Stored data
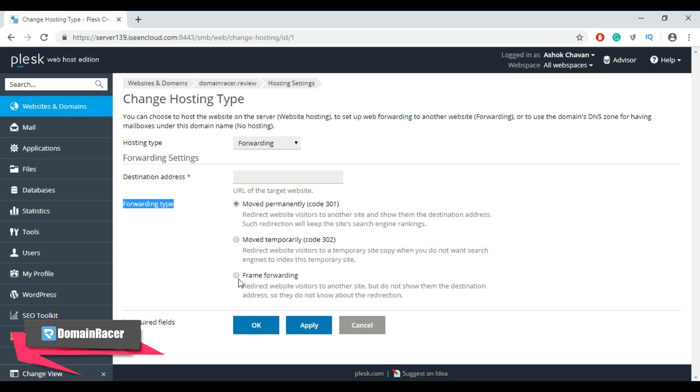Frame forwarding redirects website visitors to another site but does not show them the destination address, so they do not know about the redirection. But this is typically not a recommended option.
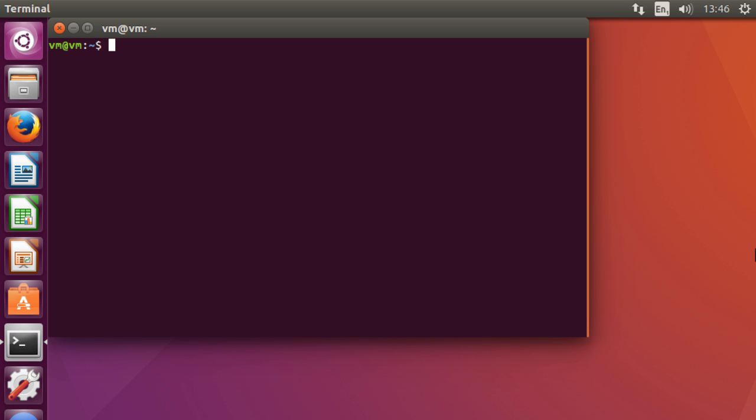But today I am just going to be demonstrating the basics and what you'll need for this is a version of Ubuntu 16.04 or later and of course the terminal window.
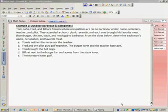Okay, Matrix Logic Example 2, Outdoor Barbecue. Tom, John, Fred, and Bill are friends whose occupations are, in no particular order, a nurse, a secretary, a teacher, and a pilot.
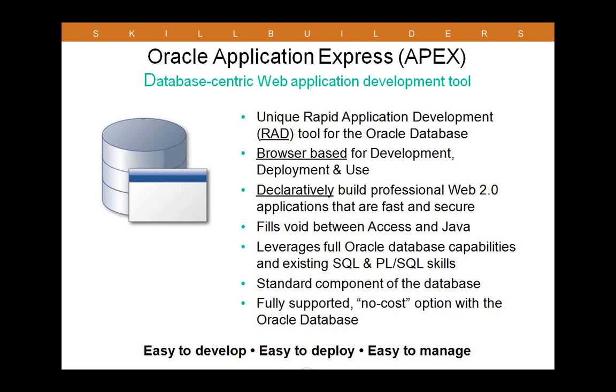To begin with, I want to answer the all-important question: what is Application Express or APEX? Well, simply put, it's a web-based application used to build web-based applications. APEX is a complete browser-based application development environment, and this is true both while you're developing and running applications. There's no client software required, and this can be a big advantage if you've ever worked with some other development environments.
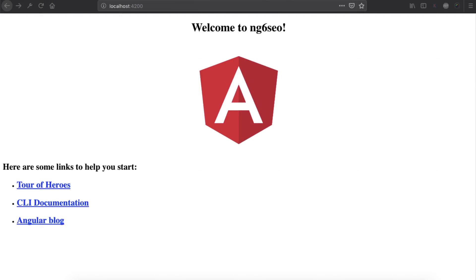Hello guys, welcome to the Angular 6 video tutorial by TechToots. In this video tutorial we are quickly going to learn how to do search engine optimization (SEO) of your Angular app or Angular websites. There are two steps involved: number one, we need to add meta tags inside your Angular 6 app, and in the second step we need to render your application via server-side rendering. Both steps are necessary to make your Angular 6 app SEO friendly.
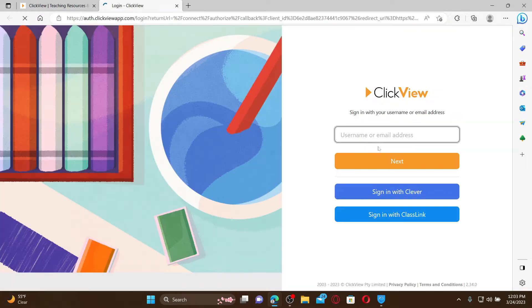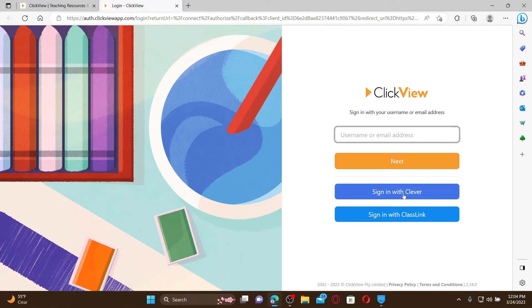Enter your username or email address associated with ClickView, or you can also sign in with your Clever account or ClassLink. Select any one option to log in, but if you've signed up with username or email for ClickView, you'll need to select the same option to access your account.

• EXERCISE REQUIREMENTS:
The lines to copy exactly start with the line above that has "But today I" and go on through the line that has "Okay, Matrix Logic"; please include both, add nothing else, and omit the pictures.

• YOUR RESPONSE:
But today I am just going to be demonstrating the basics and what you'll need for this is a version of Ubuntu 16.04 or later and of course the terminal window.
Okay, Matrix Logic Example 2, Outdoor Barbecue. Tom, John, Fred, and Bill are friends whose occupations are, in no particular order, a nurse, a secretary, a teacher, and a pilot.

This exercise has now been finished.